Estes foram os anos 90, a época “pré-tudo”. Pré-telemóveis. Pré-computadores. Pré-internet. Pré-Hi5. Pré-Facebook. Pré-Twitter. Pré-selfies. Quando queríamos falar uns com os outros estávamos mesmo juntos, pessoalmente. Não havia “sms” (muito menos “ilimitadas”, eram pagas e a peso de ouro!).

Naquelas ruas corri e me espalhei ao comprido mais vezes do que aquelas que gostaria, tanto a pé como de bicicleta (ou como dizia o meu avô: “Já esfolaste o cromado outra vez!”). E por mais corridas que fizesse poucas eram as vezes que ganhava. Não quer dizer que fosse mau. Os restantes é que eram muito bons. Ou pelo menos era isto que eu dizia a mim mesmo.

No futebol também nunca fui um craque, para variar, mas isso não me impedia de jogar. Tinha lugar cativo como guarda-redes ou, na melhor das hipóteses, defesa-central. A não ser que fossemos poucos. Aí não havia posições fixas e todos jogavam em todo o lado. Cansava-me muito mais, mas pelo menos podia dar às minhas chuteiras o prazer de sentirem o sabor do golo. Este é o tempo em que todos queriam ser o Figo, idolatravam o Rui Costa e faziam vénias ao João Vieira Pinto. Para nós os melhores jogadores do mundo eram os que partilhavam connosco a nacionalidade e não aceitávamos que nos dissessem o contrário.

Vivi largos anos num rés-do-chão esquerdo. Depois vivi outros tantos numa vivenda, no extremo oposto da rua. Os primeiros seis anos de escolaridade foram na Escola Básica e Integrada localizada nas traseiras do bairro. Ou seja, à distância de uma passadeira e dois minutos a pé.

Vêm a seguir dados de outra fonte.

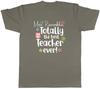 Personalised Totally The Best Teacher Ever Unisexs Unisex TShirt Tee Gift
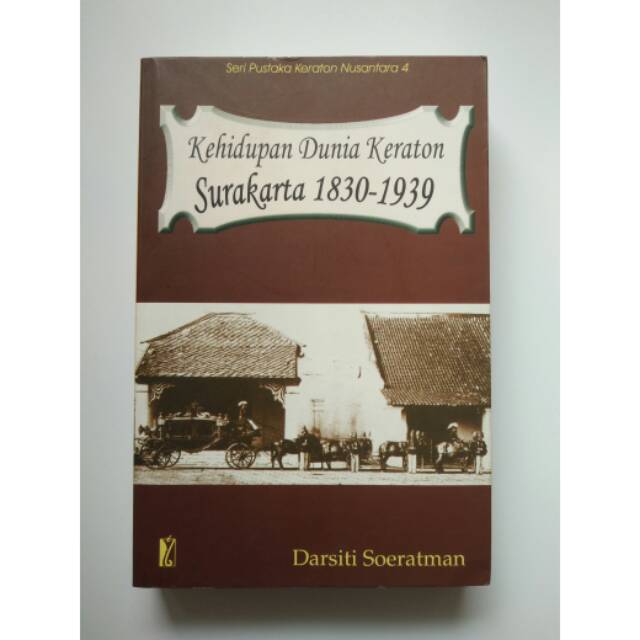 Buku sejarah surakarta - sejarah keraton surakarta - kehidupan dunia keraton surakarta 1830-1939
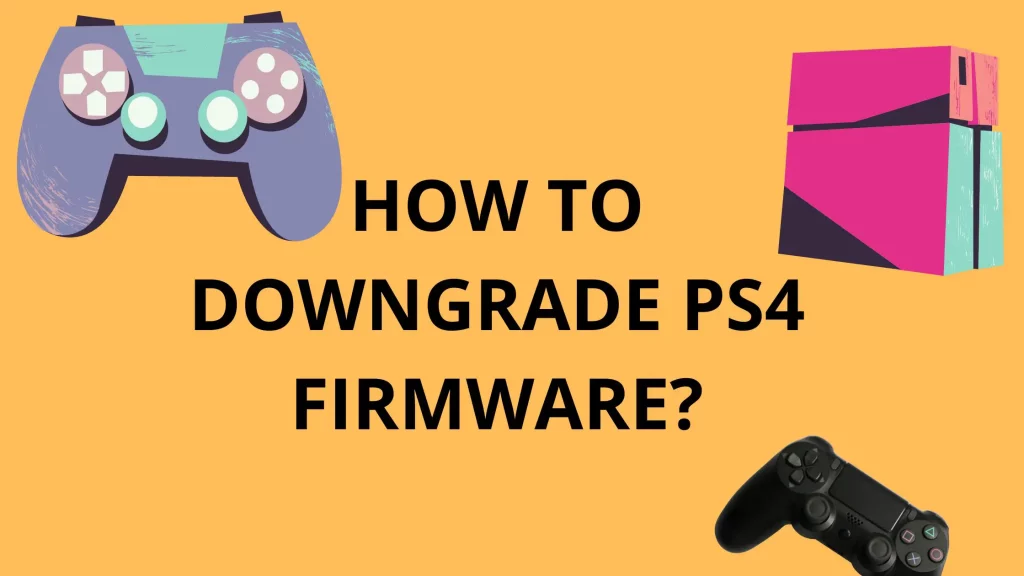 How To Downgrade Ps4 Firmware?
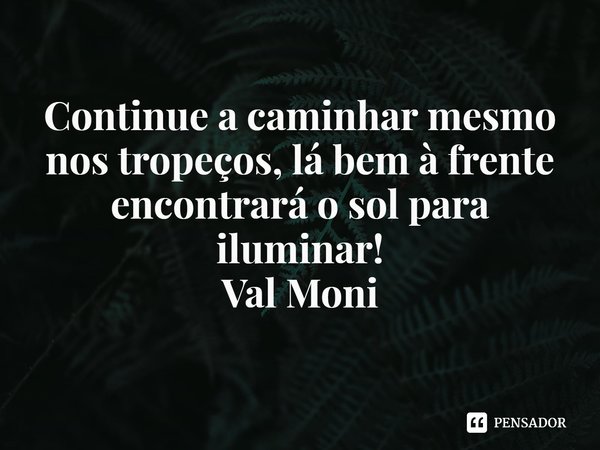 ⁠Continue a caminhar mesmo nos tropeços, lá bem à frente encontrará o sol para iluminar!... Frase de Val Moni.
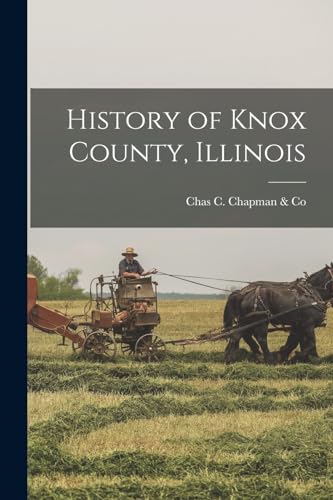 Imagen de archivo de History of Knox County, Illinois a la venta por GreatBookPrices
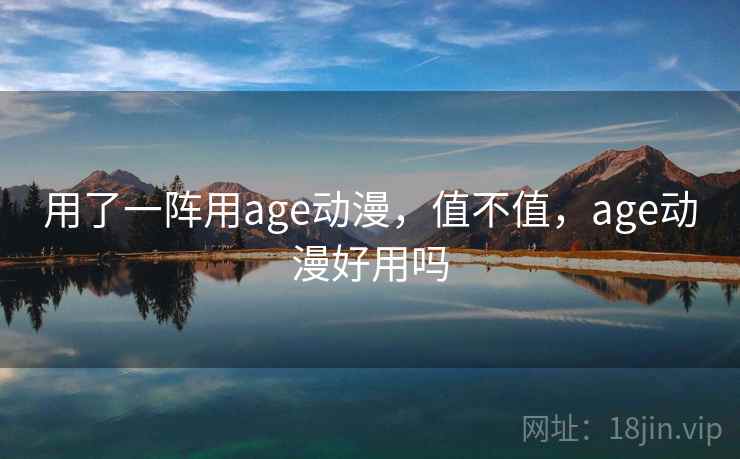 用了一阵用age动漫，值不值，age动漫好用吗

Durante largos anos o Bairro da Socasa foi o centro do meu universo. Não era o centro do universo de todos os que me rodeavam mas era do meu. Ali vivia. Ali estudava. Ali brincava com os meus amigos. Eram mais os dias em que ali permanecia do que aqueles em que dali saía. Respirava o bairro e sentia-o como meu. E esse era o derradeiro sinal de integração. Quando sentimos algo ao ponto de nos julgarmos parte integrante é sinal que fazemos parte desse sistema solar.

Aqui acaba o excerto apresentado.